Uckermark War
| Date | 1425 – 2 May 1427 |
| Location | Uckermark, Brandenburg |
| Result | Allied victory |

Belligerents
- Pomerania-Stettin Pomerania-Wolgast Pomerania-Stolp Pomerania-Stargard Mecklenburg-Stargard Crown of the Kingdom of Poland Werle (1425–1426): Margraviate of Brandenburg

Commanders and leaders
- Otto II Casimir V Wartislaw IX Bogislav IX Henry Jan of Czarnków Christopher of Werle † (1425–1426) William of Werle (1425–1426): Frederick I John

= Uckermark War (1425–1427) =

Uckermark War (Note: Polish: Wojna wkrzańska) was a military conflict fought in Uckermark, Brandenburg, between 1425 and 2 May 1427. It was fought by Pomerania-Stettin, Pomerania-Wolgast, Pomerania-Stolp, Pomerania-Stargard, Mecklenburg-Stargard, Crown of the Kingdom of Poland, and Werle, attacking the Margraviate of Brandenburg.

== History ==
At the beginning of 1425, armies of Pomerania-Stettin led by Otto II and Casimir V, Pomerania-Wolgast led by Wartislaw IX, Pomerania-Stolp and Pomerania-Stargard led by Bogislav IX, and Mecklenburg-Stargard led by Henry, and forces of Greater Poland nobility from the Crown of the Kingdom of Poland, led by Jan of Czarnków under Stettin command, had invaded Uckermark in Margraviate of Brandenburg, that was ruled by Frederick I. The attacking army had the approval of Sigismund, the Holy Roman Emperor. On 15 February 1425, the invading armies had captured the town of Prenzlau. In the response, Frederick I had attacked with his army, alongside the Oder river, and besieging the castle in Vierraden, where he eventually got defeated by Polish and Pomeranian forces.

On 1 May 1425, the invading states had signed an anty-Branderburgish alliance in Demmin with Christopher and William, co-rulers of Werle. In February 1426, Frederick had traveled to Franconia, where he had organized the mercenary forces.

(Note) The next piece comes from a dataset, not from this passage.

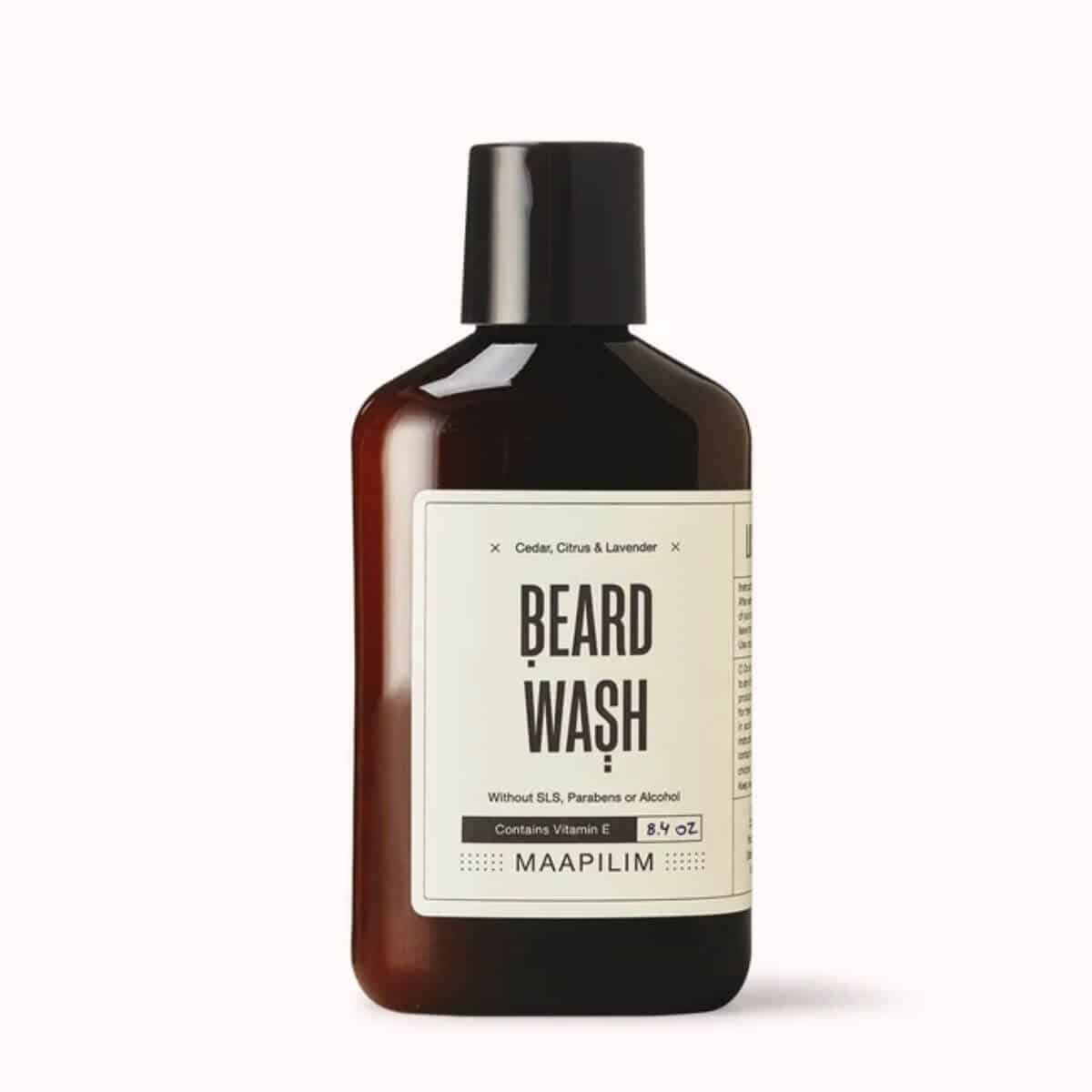 Amber bottle of beard wash.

At the same time, his son, John, on 25 August 1425, had led his army in a victorious battle of Pritzwalk, during which Christopher of Werle had died. On 23 August 1426, John and Frederick recaptured the town of Prenzlau, and on 12 October 1426, he had signed a peace treaty with William of Werle. On 22 May 1427, both sides had signed a peace treaty in Eberswalde, ending the war. In the treaty, Pomerania-Stettin was given a few neighboring towns.

== Citations ==
=== Bibliography ===
- Edward Rymar, Wojny i spory pomorsko-brandenburskie w XV-XVI w, Wyd. Inforteditions, Zabrze, 2012.
- J.W. Szymański, Książęcy ród Gryfitów, Goleniów–Kielce, 2006, ISBN 83-7273-224-8.